» DIRECTIONS:
Reproduce the lines below exactly. Skip images.

» DATA BLOCK:

========

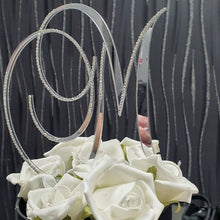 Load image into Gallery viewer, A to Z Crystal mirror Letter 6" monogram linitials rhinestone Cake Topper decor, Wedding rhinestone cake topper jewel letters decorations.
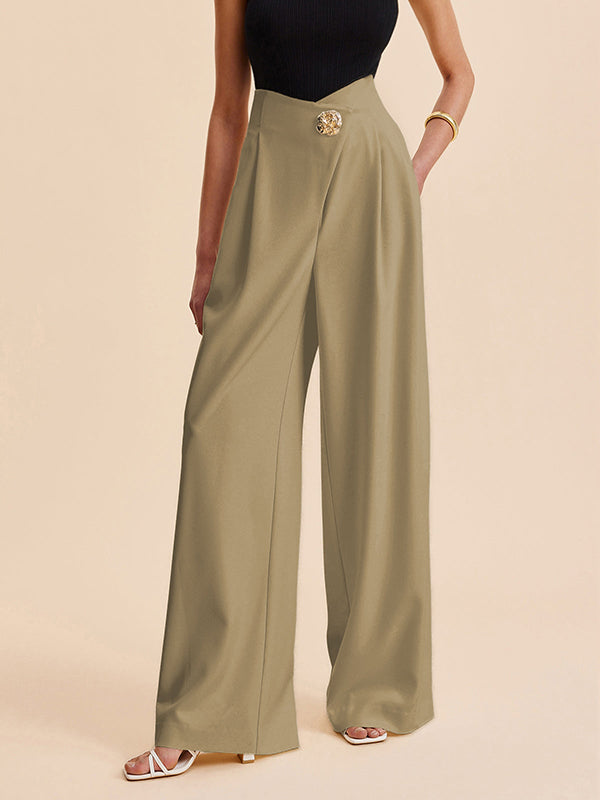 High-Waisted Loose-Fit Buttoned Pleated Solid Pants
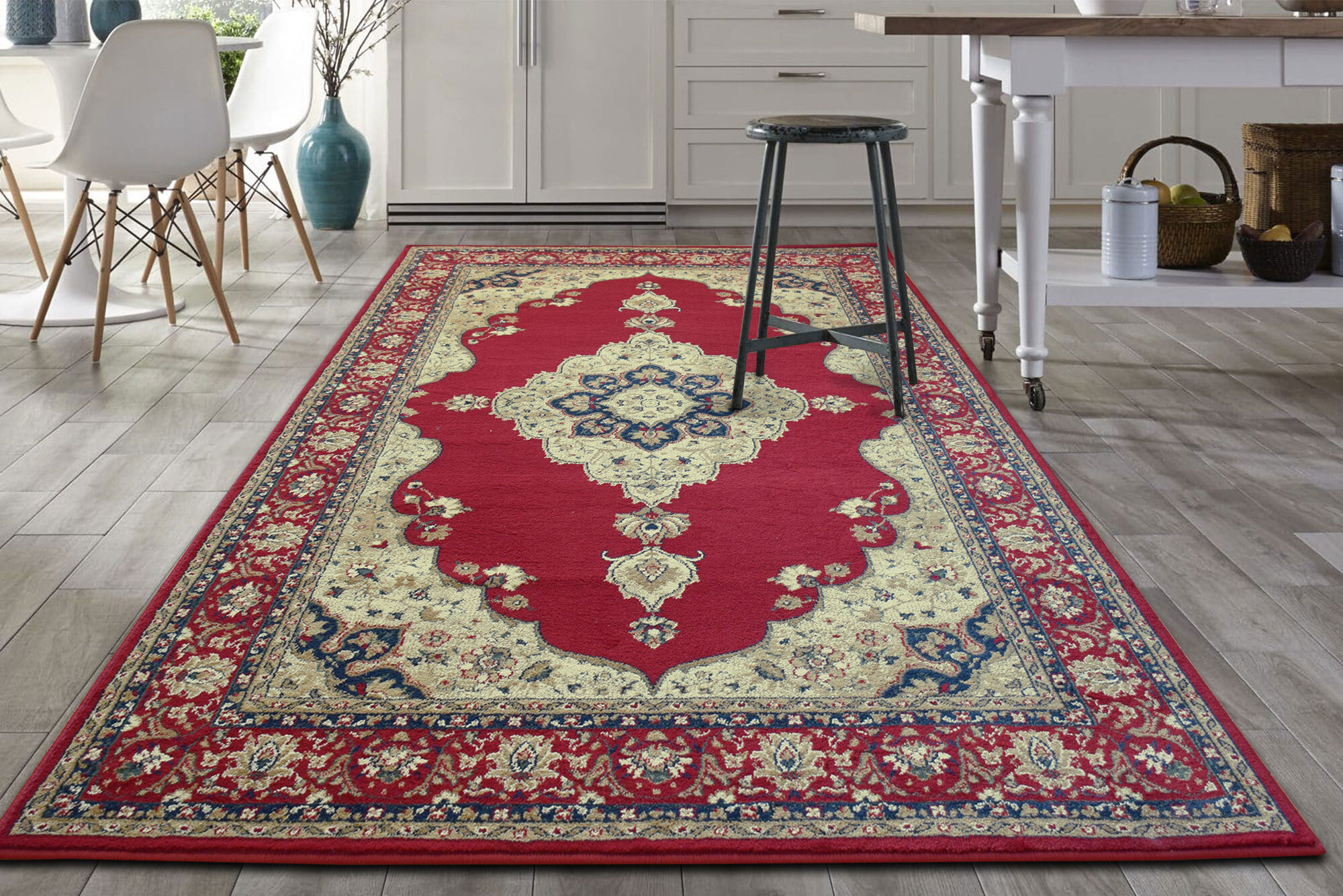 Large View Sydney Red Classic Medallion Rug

========

» TASK RESULT:
 Load image into Gallery viewer, A to Z Crystal mirror Letter 6" monogram linitials rhinestone Cake Topper decor, Wedding rhinestone cake topper jewel letters decorations.
 High-Waisted Loose-Fit Buttoned Pleated Solid Pants
 Large View Sydney Red Classic Medallion Rug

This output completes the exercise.